Concern for Man’s Fate

I attended the Ohio SHRM Conference “Play Like an HR Champion” in late September.  It was a bit of a last-minute decision for me and my first time at the Ohio Conference.  Congratulations to Sheri Caldwell and the extensive team for putting on a nationally competitive and highly impactful conference. The investment and commitment to excellence was evident in its every aspect.

I am thankful for the opportunity to have attended.  If Woody Allen is right that “showing up is 80-percent of life,” I was living large from early morning until the end of each day when my brain could not take any more.  Every presentation provided good reminders, new information, new perspectives and I took a lot of notes.

There was one note I did not need to take as it has stuck in my head since hearing it.  The quote was in Youngstown State University President and former head Ohio State football coach  Jim Tressel’s closing keynote address “Macte Virtue.”

Concern for man and his fate must always form the chief interest of all technical endeavors. Never forget this in the midst of your diagrams and equations.

This was coming from Albert Einstein through Jim Tressel – the kind of “relativity” that spoke to me and what I evidently have a predisposition to see and long to have validated.

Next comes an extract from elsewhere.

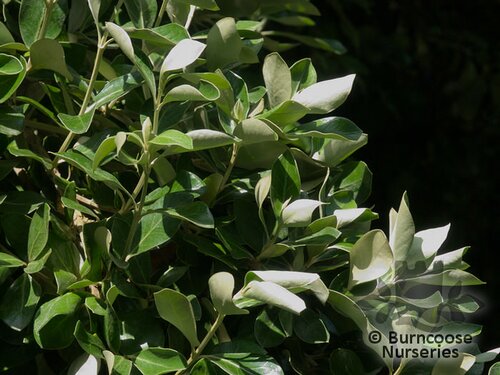 OLEARIA traversii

The debate over technology vs. touch has been around for decades.  The genius has always been to keep the fate of man at the forefront of our technical pursuits and improvements.  In any business organization, it’s easy for man’s fate to get lost in getting things done.  Where is the conversation?  Discovery?  Possibility?  To challenge my notion and at the risk of including it like in a middle-school term paper, I looked-up “organization” and found in businessdictionary.com a definition reflecting, “A social unit of people that is structured and managed to meet a need or to pursue collective goals.”

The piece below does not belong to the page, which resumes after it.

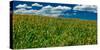 Yellow Flower field , Hastings Mesa, near Last Dollar Ranch-null-Stretched Canvas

YES – the definition starts with “social” and “people?”  There are others who also defined organization – and most included “people” in their definition.  BAM – take that Mrs. Kaple (middle school teacher).

While the high-technology/high-touch deliberation is not new, the conversation around artificial intelligence is heating up.  That conversation may be recycling that of mechanization in the 1800s or of automation in the early 1900s.  As much as there is concern about AI negatively impacting people’s jobs – physiology and safety, I’d like to think we can use it to climb higher up Maslow’s Hierarchy of needs.

maslowshierarchyofneeds-svg

For example, it’s nice that Google anticipates what I’m trying to type –  aiding me in research for my writing – so that I can focus on my themes and ideas.  Physiologically I can get more sleep that way…and frankly I sleep better with some research and annotation behind what I’m writing.  This allows me to focus on my self-expression and the outpouring of love and support I get from you in response to my thoughts.  Constructive discourse is also welcome, but only from people, not from robots.

It strikes me that we are simultaneously concerned about AI driven job loss while facing a shortage of talent in many areas.  In the latest Manpower Talent Shortage Survey, the following roles were shown to be most in need of talent.  It seems to me that several seem to be exactly the type of roles suited for support from artificial intelligence.

manpower-talent-shortage

Certainly this shortage combined with the shift in skills required to thrive is disconcerting, but I have to believe that with cunning commitment, we can navigate through this predicament once again.  Threats can also be opportunities for the benefit of people and not the cost of.  If the people of the 19th and 20th centuries  – the people of “Downton Abbey” can persevere successfully through the societal and technological changes they experienced then certainly with an eye on the fate of man, so can we.  Disagreement and debate will continue as various options and directions are discovered and evaluated, but let’s not fool ourselves or worse yet lie to ourselves and to each other.

Let’s be both conscientious and courageous in taking on what’s next* – the inevitable evolution of our experience.

To paraphrase  Jim Tressel’s Einstein quote, may we all develop and demonstrate a chief interest in our concern for man and his fate as we go about our endeavors; never forgetting this in the midst of our diagramming and calculating and frankly in our debating and driving.

*– shout out to Cy Wakeman who also spoke at the conference).